I enjoyed the first few volumes of this mash-up of Alice in Wonderland. Here are my previous reviews of volume 1, 2, 3, and 4. I was glad that Yen Press picked this series up after Tokyopop imploded, and it seemed to me at the time fairly sensible since I believe many of the other volumes of this series ended up on the New York Times manga bestseller’s list. All along this mash-up of Alice in Wonderland and a Japanese dating game has been more interesting than I would expect from a dating game manga adaptation, but the final volume has some extra creepiness and an open-ended conclusion.
The Country of Hearts is about to have a grand ball, but Alice doesn’t know how to dance and doesn’t have anything to wear. Julius and Ace help her prepare, but she’s unable to avoid the Mad Hatter, Blood Dupre, at the ball. Alice is simultaneously repelled and curious about him, and she gradually learns a little more about the Hatter and how the system of chaotic government works in the Country of Hearts.

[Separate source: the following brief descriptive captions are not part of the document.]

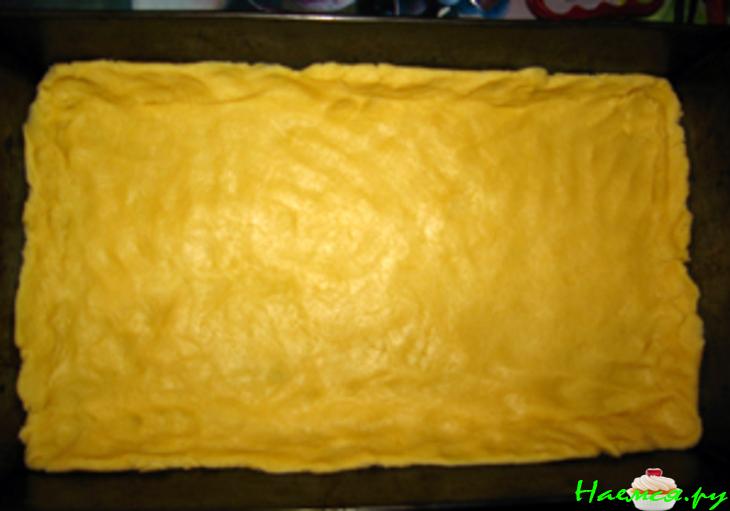 Тертый пирог с вареньем Тертый пирог с вареньем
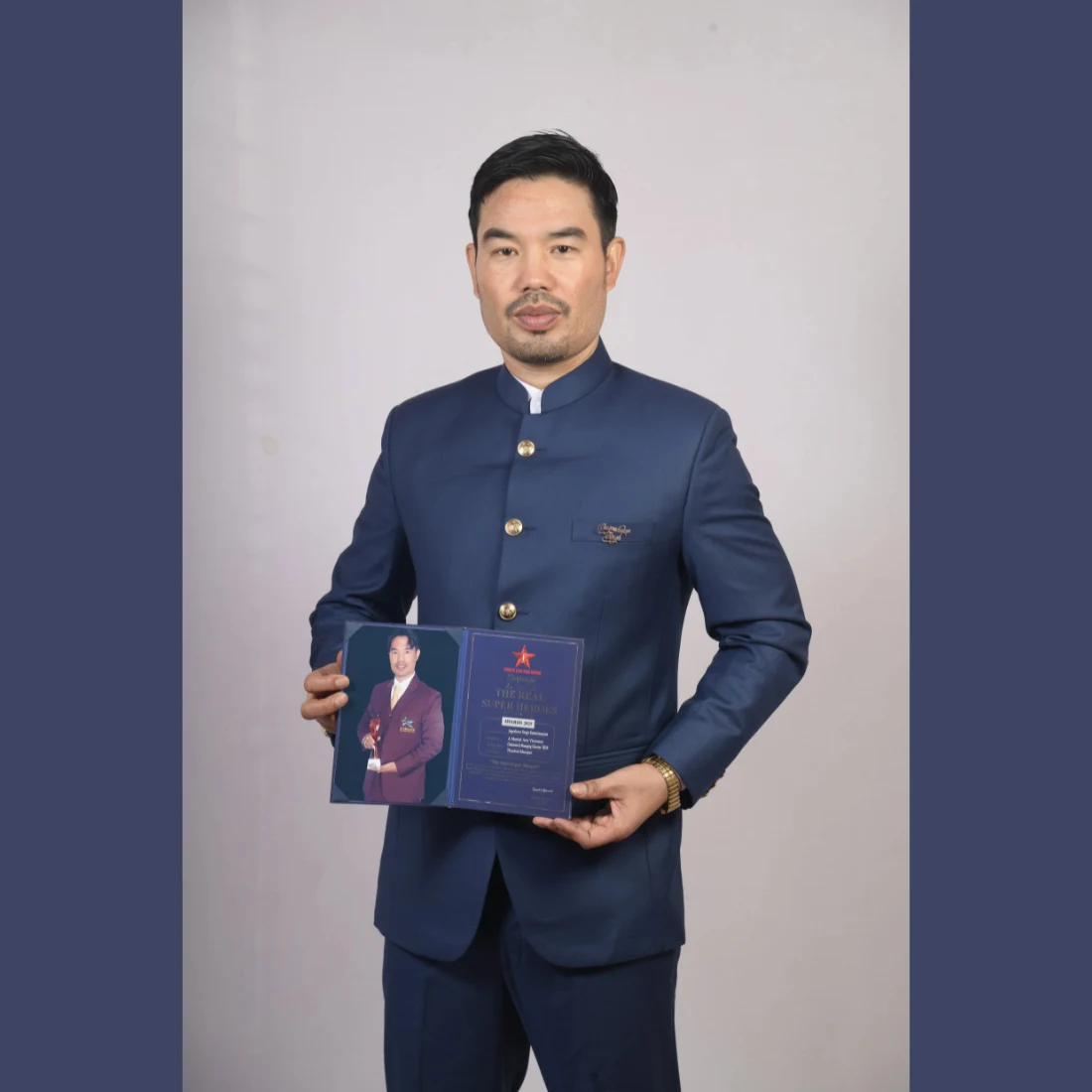 Meet Jugeshwor Singh Kshetrimayum – India’s Martial Arts Hero and Super Hero 2025 Title Achiever - Jaipur-Mirror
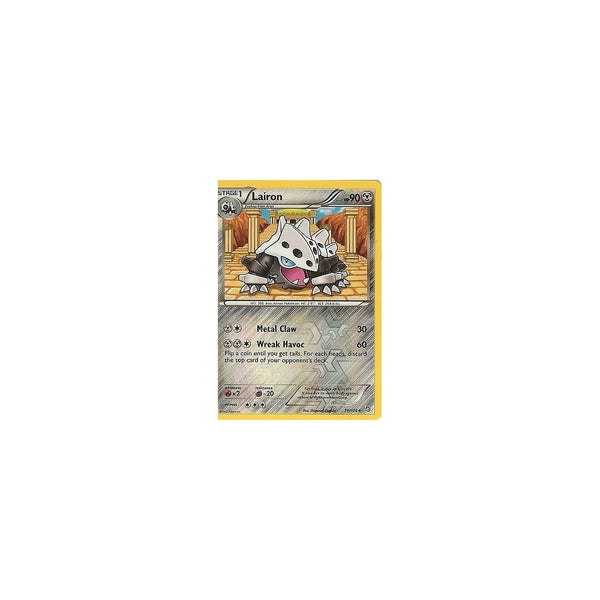 POKEMON Black &amp; White Dragons Exalted - LAIRON 79/124 REV HOLO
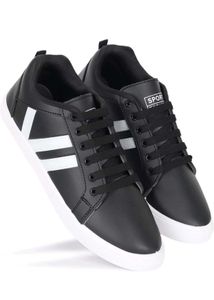 Stylish Black Sneaker lightweight comfy summer sne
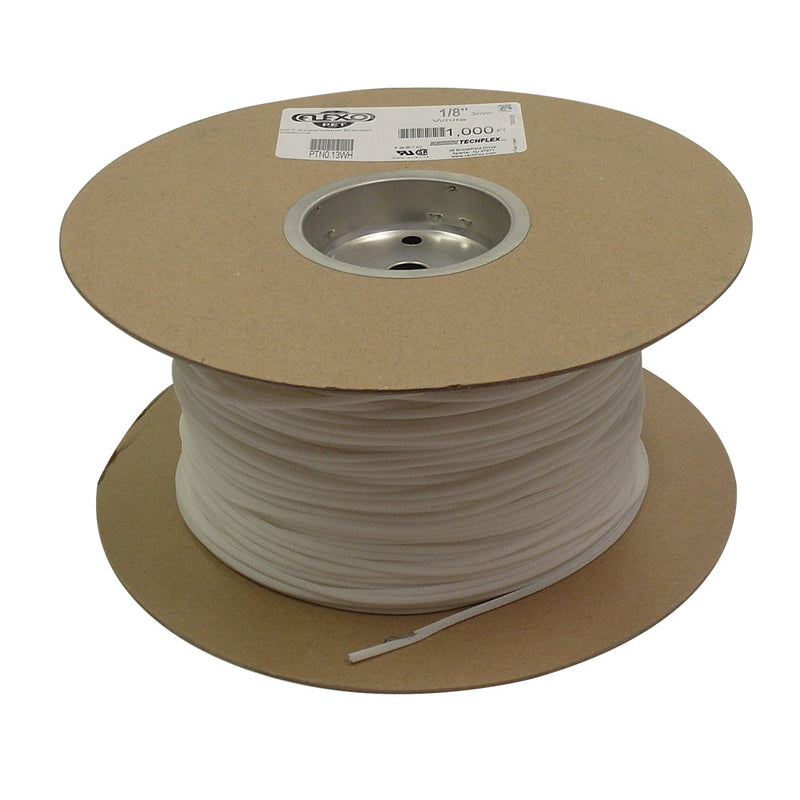 1000ft 1/8 inch Sleeving White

This series has always been long on atmosphere and short on plot, with various hints that there’s a central mystery behind Alice’s journey away from the real world. This is solved somewhat by hints that suggest that Alice’s journey is really more of an unhealthy psychological defense mechanism, as she can’t deal with a specific event that took place in the real world. There’s also a suggestion about who the White Rabbit’s real world analogue is that makes his obsessive behavior seem even creepier, and I didn’t think that was possible.
Even though Alice in the Country of Hearts isn’t all that eventful, I did enjoy the series as a whole and was happy to read the final volumes. This manga is basically all about cute guys, random moments of homicide, occasional references to psychological issues, and awesome costuming. Even though the plot might not be all that detailed, it is much more interesting than any other manga that I’ve read that is based on a dating game, but perhaps I am just a sucker for random bullets flying in shoujo manga. Yen Press’ new omnibus editions will likely tempt fans to replace the old Tokyopop single volumes. I am too cheap to do this, but I did enjoy the larger size, character galleries, and color pages in this volume. I enjoyed this series enough that I’m planning on picking up the spin-off volumes from Seven Seas too.